Incremental Materialized View in Cloudberry Database (New in v1.5.0)
This document introduces the usage scenarios of the incremental materialized view in Cloudberry Database, how to use it, the restrictions, and the things to note.
The incremental materialized view is a special form of materialized view. When data changes in a base table in Cloudberry Database (such as insertion, update, and deletion), the incremental materialized view does not need to recalculate all the data in the entire view. Instead, it only updates the parts that have changed since the last refresh. This can save a lot of computing resources and time, and significantly improve performance, especially when dealing with large datasets.
Comparison between incremental materialized view and regular view:
- Regular view: Regular views do not store data, but dynamically generate results based on the defined SQL statement each time a query is executed.
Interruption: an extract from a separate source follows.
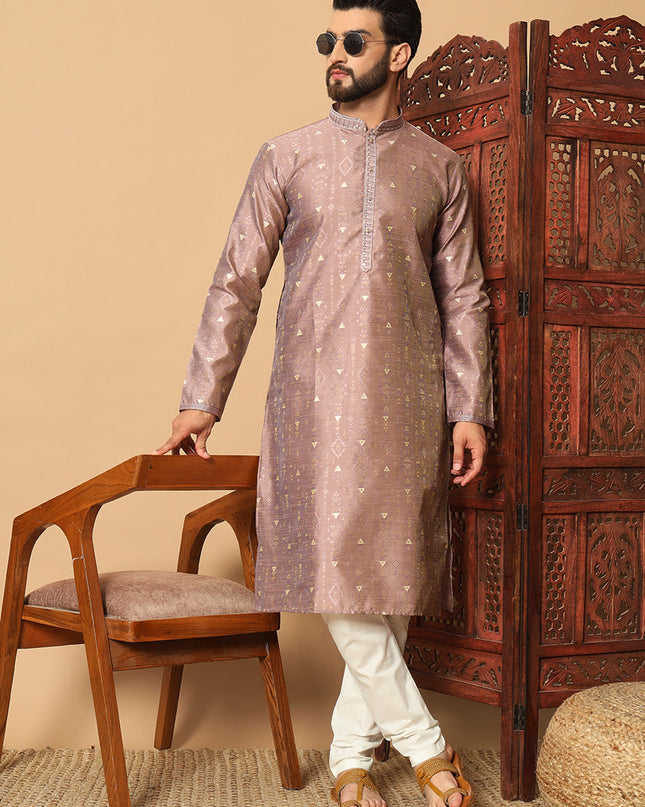 Rose Gold Jacquard Men Kurta Set for Festival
This means that the data on the view needs to be recalculated each time a query is executed, which can be time-consuming when dealing with large amounts of data.
- Incremental materialized view: Incremental materialized views calculate and store the result set in advance, which reduces the computing workload when executing queries. In addition, because it is an "incremental" update, when the base data changes, it only needs to update the affected part instead of recalculating the entire dataset.
Usage scenarios
- Where intermediate result sets need to be accelerated when executing queries.
- Where there are many read operations but few write operations.
Usage example
Before using incremental materialized views, make sure that you are using Cloudberry Database v1.5.0 or a later version. Cloudberry Database v1.4.0 and earlier versions do not support incremental materialized views.
To create an incremental materialized view, you can use the SQL command CREATE INCREMENTAL MATERIALIZED VIEW
. The complete syntax support is as follows:
CREATE [INCREMENTAL] MATERIALIZED VIEW [ IF NOT EXISTS ] table_name
[ (column_name [, ...] ) ]
[ USING method ]
[ WITH ( storage_parameter [= value] [, ... ] ) ]
[ TABLESPACE tablespace_name ]
AS query
[ WITH [ NO ] DATA ]
The following example shows how to create incremental materialized views for tables in Cloudberry Database.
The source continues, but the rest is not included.